Other challenges to Fed independence
The possibility of Bessent holding both roles is one of a few signs that public debts are rising over inflation as a policy priority, especially after the estimated $3.3 trillion debt bomb coming from Republicans’ tax-and-spending cut bill, which the president signed into law July 4.
Trump has recently been encouraging the Fed to lower interest rates not simply because they would make lending cheaper and juice the markets but because they would make public debt payments cheaper.
“Hundreds of billions of dollars being lost!” Trump wrote late last month on Truth Social in reference to debt service payments, again encouraging Powell to lower rates.
Sen. Ted Cruz (R-Texas) also suggested getting rid of interest payments on the $3.2 trillion in reserves that commercial banks hold now with the Fed. That could encourage them to buy bonds to get a comparable return, or the Fed could force banks to hold onto their reserves.
“That’s a form of financial repression,” Beckworth said, referring to when debts get inflated away as the rate of inflation surpasses the rate of interest.
“It’s a tax on the banks. It sounds crazy, but it’s been used in other countries,” he added.
The Fed also recently advanced a plan to change big banks’ leverage ratios. This could also encourage bond buying, which would lower long-term interest rates, just like quantitative easing.
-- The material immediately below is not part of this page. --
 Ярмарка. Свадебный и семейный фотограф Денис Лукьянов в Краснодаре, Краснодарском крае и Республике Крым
“We want to ensure that the leverage ratio does not become regularly binding and discourage banks from participating in low-risk activities, such as Treasury market intermediation,” Powell said last month.
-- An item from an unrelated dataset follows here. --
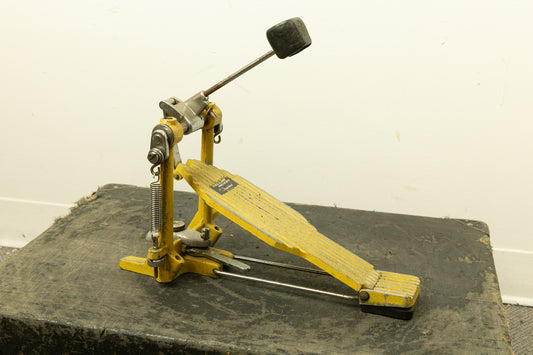 1970s Slingerland Yellow Jacket Bass Drum Pedal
Warnings about ‘fiscal dominance’
The various ad hoc changes to monetary policy stemming from the debt and Trump’s attacks on the Fed — including the potential second role for Bessent — are being labeled by economists on both the right and the left as “fiscal dominance.”
In a recent op-ed published by the Washington Post, Biden administration economist Lael Brainard called the president’s debt-invoking missives to the Fed “a remarkably clear statement of what economists call fiscal dominance.”
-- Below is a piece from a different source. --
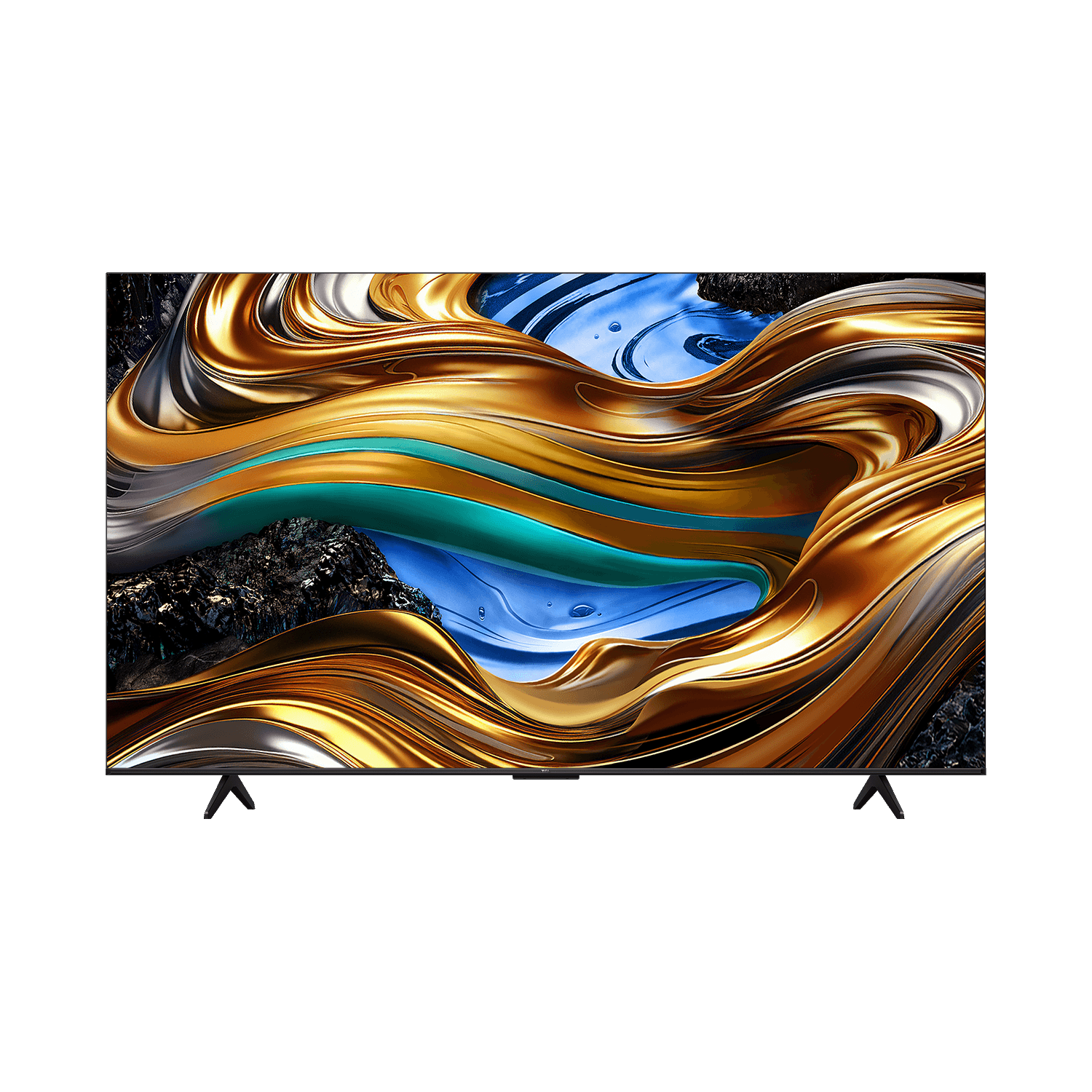 TCL 75S11H 液晶电视 75英寸 超能芯片T2 超薄一体化设计 全通道120Hz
Others don’t give that concept much credence but see the proposals as simply another attack on agency independence similar to the ones the Trump administration has carried out on other agencies like the Environmental Protection Agency, U.S. Agency for International Development (USAID), the Consumer Financial Protection Bureau and others.
“Fiscal dominance and monetary dominance are incoherent concepts,” financial researcher Nathan Tankus told The Hill. “We have one entity that has wide discretion over economic policy, and that’s the Federal Reserve.”
“It makes decisions in response to the macroeconomic environment, and that’s really the long and the short of it,” Tankus added.